In Ohio, Trumpet brought their services to Cleveland and opened a new center in Columbus. Another center, based in Cincinnati, will open in early 2020. While the clinic is being completed, Cincinnati families will still be able to receive home-based autism services.

In its home state of Colorado, Trumpet began serving families in Fountain and Castle Rock in late 2019, and new clinics in Aurora and Lakewood are set to open early in 2020. Now, these communities can benefit from receiving quality autism care in their own neighborhoods instead of traveling for treatment.
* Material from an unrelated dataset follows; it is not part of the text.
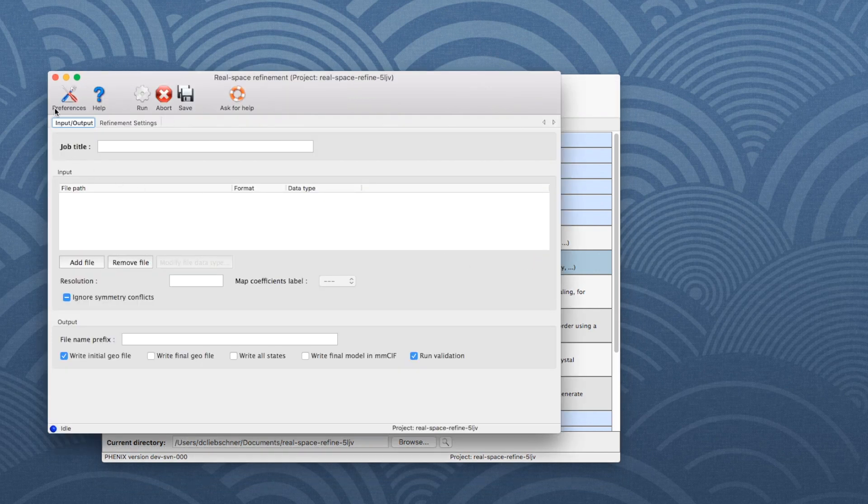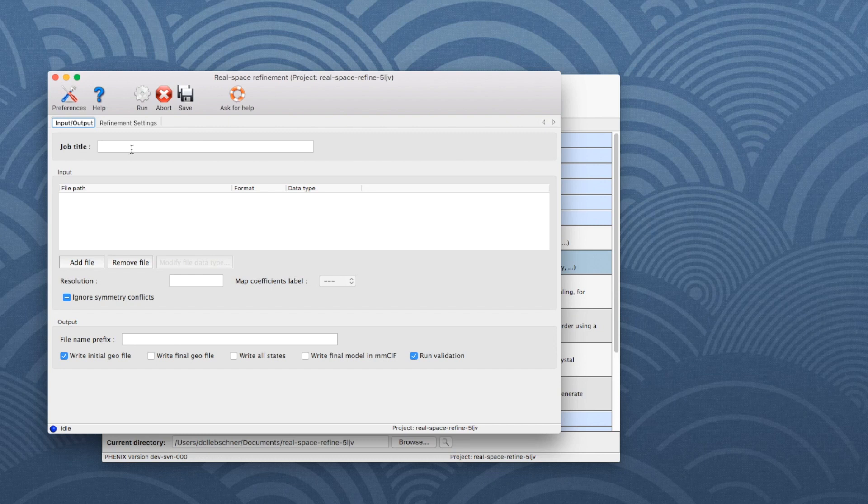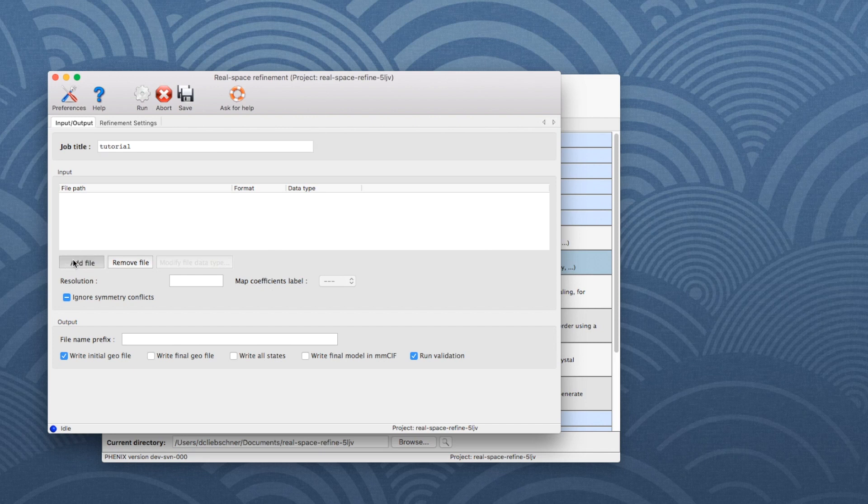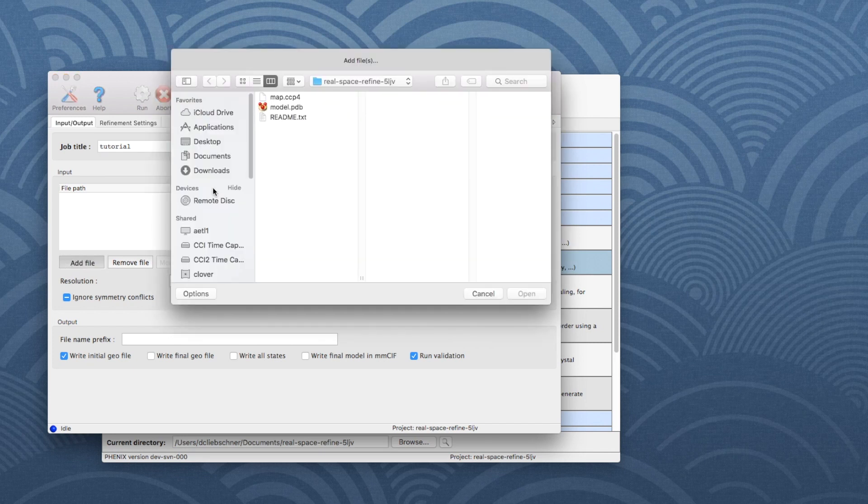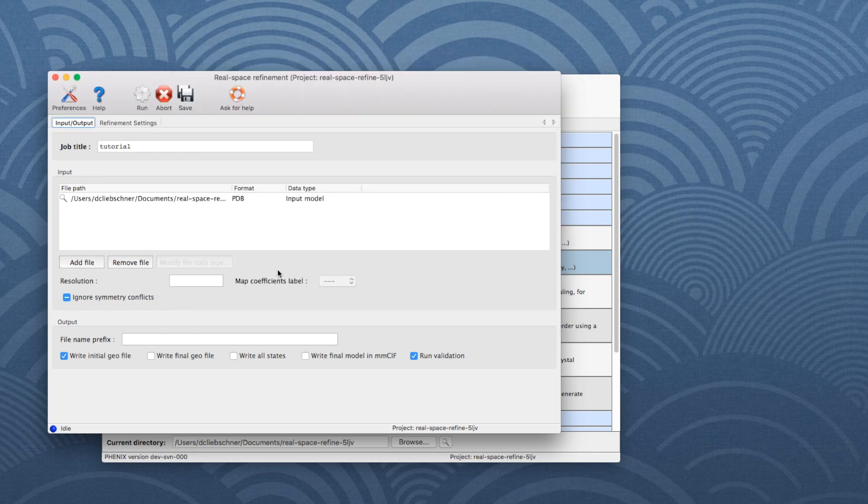Go first to the Input-Output tab. For bookkeeping, add a job title. Click Add File and select the file Model PDB. Then add the map.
"By building new centers and expanding our existing service areas, 2019 marked a year of rapid growth for Trumpet Behavioral Health," says Trumpet CEO Ned Carlson. "As we enter 2020, we look forward to making high-quality autism treatment accessible to even more families, and serving our new clients with the same level of professionalism, care, and compassion that our current clients have come to expect."

About Trumpet Behavioral Health

Trumpet Behavioral Health offers evidence-based applied behavior analysis (ABA) therapy to children, adolescents, and young adults with autism spectrum disorder (ASD). Trumpet's team of dedicated and highly-skilled individuals provide center, home, school, and community-based services throughout Arizona, California, Colorado, Kansas, Michigan, Ohio, and Texas. For more information, please visit https://www.tbh.com/.

Media contact: Josh Sleeper, Chief Operating Officer, (855) 824-5669.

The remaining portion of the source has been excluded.